Two crab pots are allowed on each waterfront property as long as they are legally set in tributaries where the terrapins live. Commercial watermen can set them in deeper waters of the Chesapeake Bay.

Diamondback terrapins are not yet endangered as sea turtles are but have suffered over the years from a decline in water quality and loss of habitat.

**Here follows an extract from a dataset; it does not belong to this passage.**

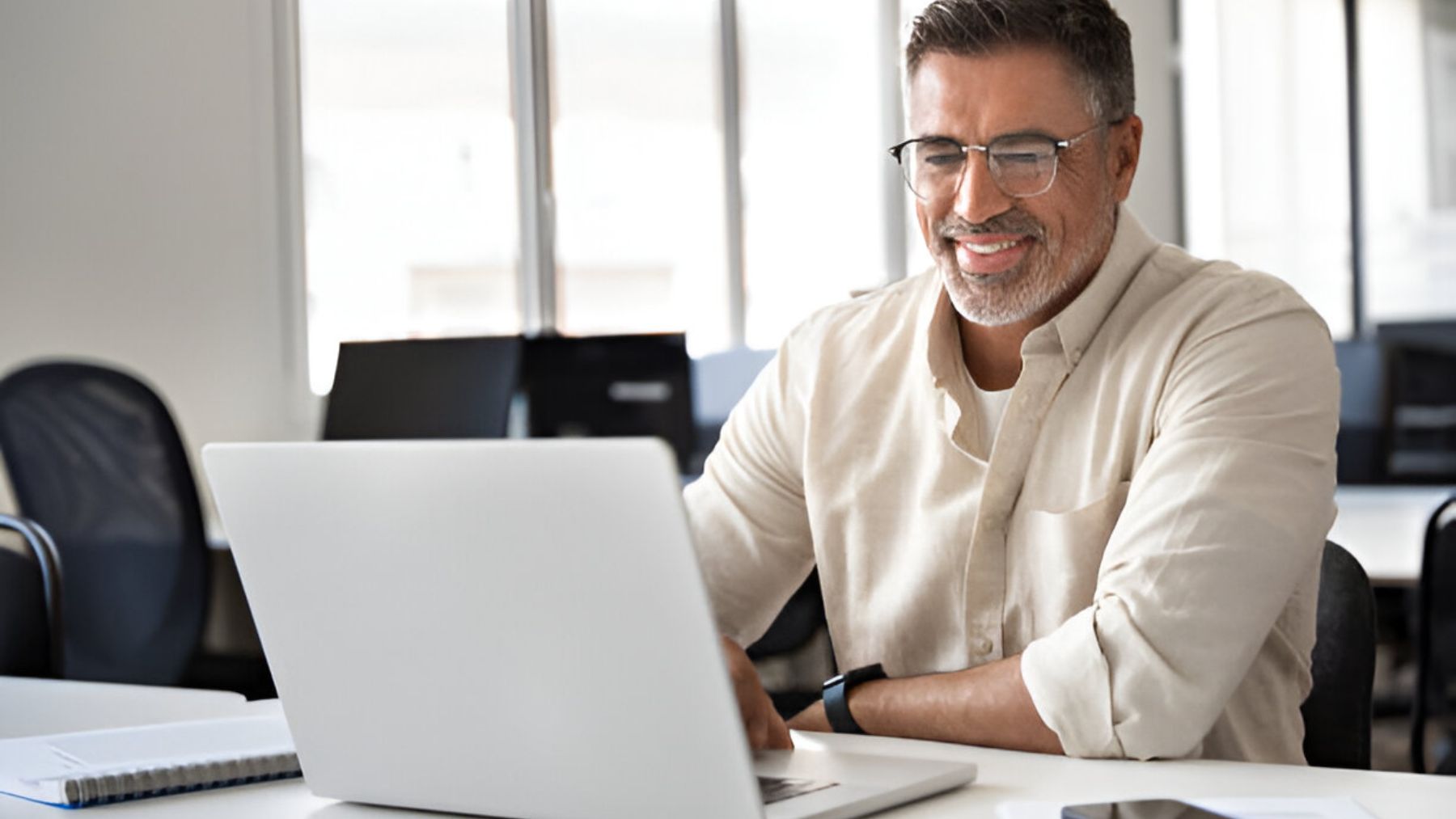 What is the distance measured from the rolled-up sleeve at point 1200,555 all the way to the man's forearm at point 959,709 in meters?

"As denizens of the Chesapeake's beaches and shorelines, terrapins are particularly vulnerable to shoreline development and hardening," Jack Cover, National Aquarium curator, said in the DNR release. "People who live on the shores of the Chesapeake Bay and Maryland's coastal bays have the special privilege of setting crab pots. But with that comes the responsibility to take the simple steps to make their pots turtle-friendly. Nobody wants to find a drowned diamondback terrapin in their crab pot."
You can find instructions on how to install your TED here. Terrapins are much more common in the tributaries, where commercial fishermen use trotlines, which do not drown terrapins.  However, recreational pots, and certain other kinds of commercial fish trap still catch and drown terrapins in the tributaries. 

Until 2007 Maryland still had a commercial fishery for Diamond Back Terrapins, however, the fishery was declining, and was halted.

The history of the eating terrapin in Maryland and Virginia is pretty interesting.  Once they were so common they formed a staple in slaves diets on tobacco plantations; a wagon load could be purchased for $1, and slaves once rebelled against eating them.  Later, "turtle" soup came into vogue, and a new market developed.